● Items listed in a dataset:
☆ ☆ ☆ ☆ ☆ ☆ ☆

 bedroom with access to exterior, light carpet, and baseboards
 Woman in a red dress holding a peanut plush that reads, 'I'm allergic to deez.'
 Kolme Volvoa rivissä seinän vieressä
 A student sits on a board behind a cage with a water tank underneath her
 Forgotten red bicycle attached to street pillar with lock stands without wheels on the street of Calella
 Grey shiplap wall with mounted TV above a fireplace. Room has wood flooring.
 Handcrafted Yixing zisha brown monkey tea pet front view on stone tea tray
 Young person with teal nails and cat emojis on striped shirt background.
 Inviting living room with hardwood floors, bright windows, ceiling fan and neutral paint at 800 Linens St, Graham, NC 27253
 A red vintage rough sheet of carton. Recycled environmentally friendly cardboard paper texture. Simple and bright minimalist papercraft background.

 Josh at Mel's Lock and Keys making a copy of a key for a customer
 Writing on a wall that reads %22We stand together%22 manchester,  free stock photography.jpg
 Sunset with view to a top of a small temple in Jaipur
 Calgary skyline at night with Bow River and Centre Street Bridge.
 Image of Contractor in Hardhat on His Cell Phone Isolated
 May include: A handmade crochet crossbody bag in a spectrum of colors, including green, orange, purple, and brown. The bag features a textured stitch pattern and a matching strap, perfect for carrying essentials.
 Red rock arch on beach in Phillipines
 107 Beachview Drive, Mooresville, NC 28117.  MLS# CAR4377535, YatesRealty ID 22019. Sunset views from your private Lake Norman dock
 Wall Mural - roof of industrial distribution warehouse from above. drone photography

☆ ☆ ☆ ☆ ☆ ☆ ☆

● Task directions: Copy out each line of the records where the word "above" appears.

● Exercise response:
 Grey shiplap wall with mounted TV above a fireplace. Room has wood flooring.
 Wall Mural - roof of industrial distribution warehouse from above. drone photography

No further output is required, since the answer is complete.